Below are the records; print exactly the lines from the one with "Man of the match: Julian" through the last, both included, and leave the pictures out.

(Records contained in a dataset)
=-=-=-=-=

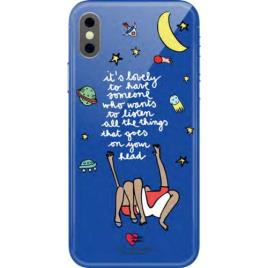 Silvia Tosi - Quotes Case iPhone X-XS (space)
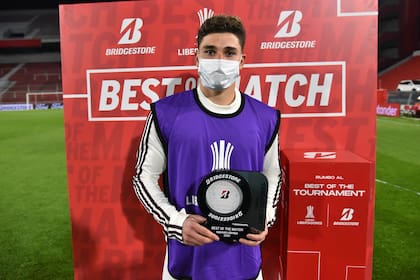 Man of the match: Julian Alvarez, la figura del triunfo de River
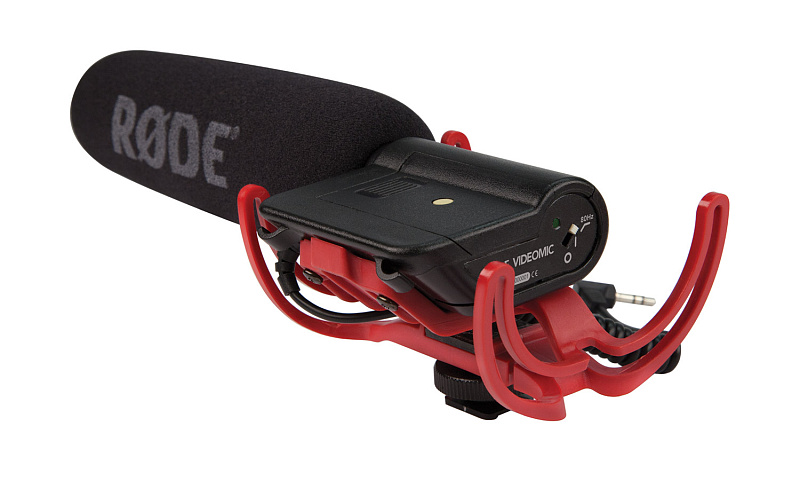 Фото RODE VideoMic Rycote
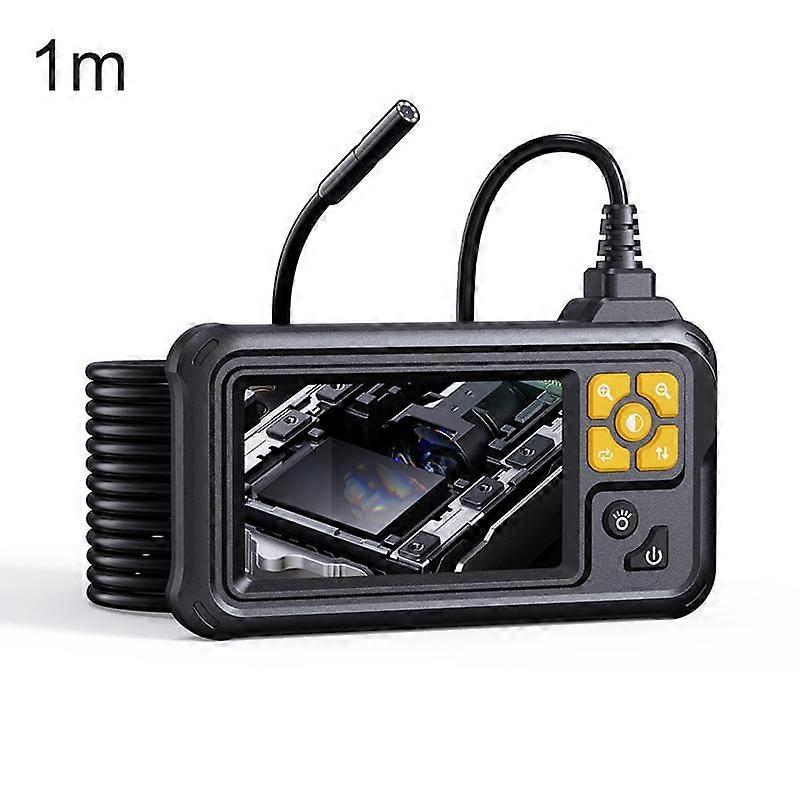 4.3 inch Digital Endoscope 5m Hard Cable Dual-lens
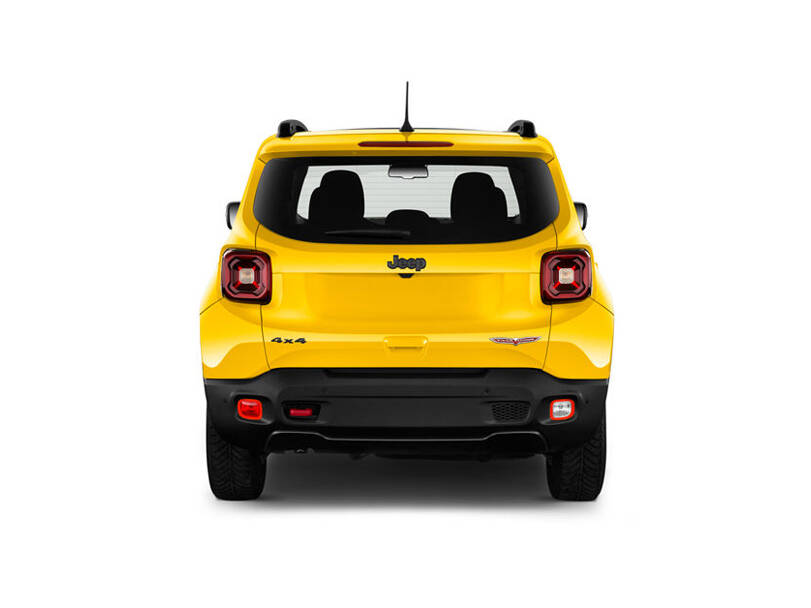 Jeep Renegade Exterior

=-=-=-=-=

**Task solution:**
 Man of the match: Julian Alvarez, la figura del triunfo de River
 Фото RODE VideoMic Rycote
 4.3 inch Digital Endoscope 5m Hard Cable Dual-lens
 Jeep Renegade Exterior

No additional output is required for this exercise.